This is my list in response to Seth Godin’s year 2010 ship list. Initially, I could only think of 2 or 3 items. I sat down and looked through my blog archives for ideas. It turns out I didn’t do too bad.
First, a definition of the word “ship”. When you ship something, it means you created something and put it out in the world to see. It means you did something that other people can comment on, improve on, hate on (that can happen). Maybe you wrote a useful ebook and told everyone about it. Maybe you painted a garden and put it on your website for sale. Maybe you stood in front of hundreds of people and talked about your ideas. Maybe you organised an event to get people aware of a cause. The conditions are that it must be done, and it must be out there in public.
So here’s my list:
- Launched Math Wizard, a Dungeons & Dragons game supplement.

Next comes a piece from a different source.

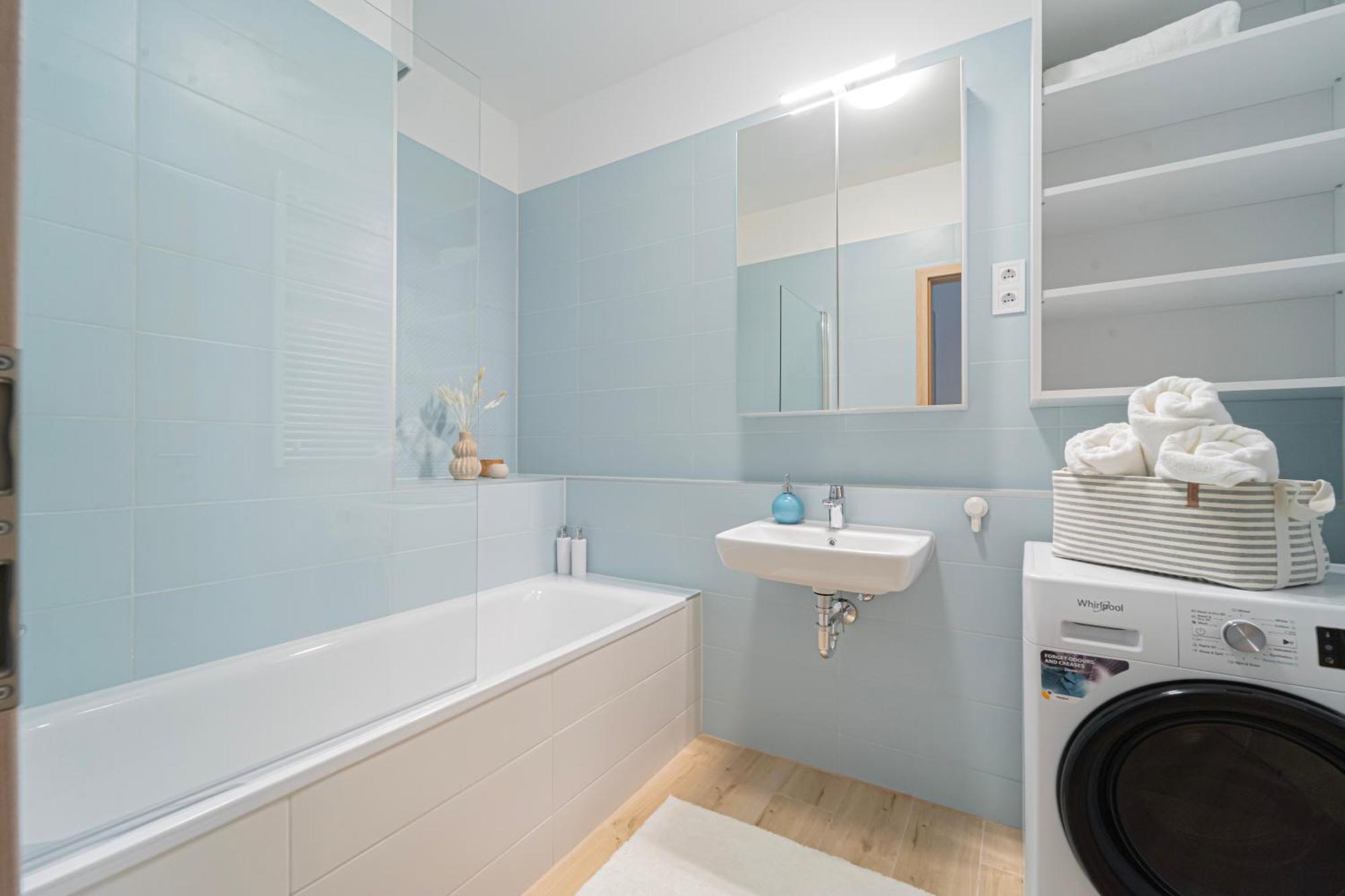 Westside Garden Apartments By Urbanrent Будапеща Екстериор снимка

- Presented at Barcamp twice. The first time was a disaster. The second time was better (I talked about e-zines).
- Gave free stuff on the blog for the first time, because it was a special day. I thought there would be zero responses, but I was surprised.
- Launched my own online magazine, Singularity in June 2010. Whaddaya know, 7 issues already (not counting January 2011 issue)!
- Swallowed my fear and asked people for interviews for my magazine. I interviewed Parker Emmerson, Alex Hall, Iain Broome and Matt Pearce.
- Did a voice recording for money.
- Learnt to draw with a pencil. Check out my landscape drawing and window view drawing.
- Launched my store. Will be adding more products (such as my Excel Open XML programming guide, but it doesn’t count as “shipped” since it’s delayed). Buy a T-shirt! Support my magazine!
- In an effort to ignite my creativity, I did a No-Mirror diet. Yes, I dared to not shave for a week.
I also helped people with queries including programming, maths, and business-related concepts. I’ve even received engineering problems, although I didn’t do anything (I asked an engineer friend for help). It’s just that I seem to get requests for help, and sometimes they’re strange queries… I’m not sure if these count as shipping, but the prominent ones are with negative numbers in business reports, long-term percentage contribution and reverse engineering a quadratic Bezier curve.
Ok, so I managed to do a lot. So tell me, what did you ship in 2010?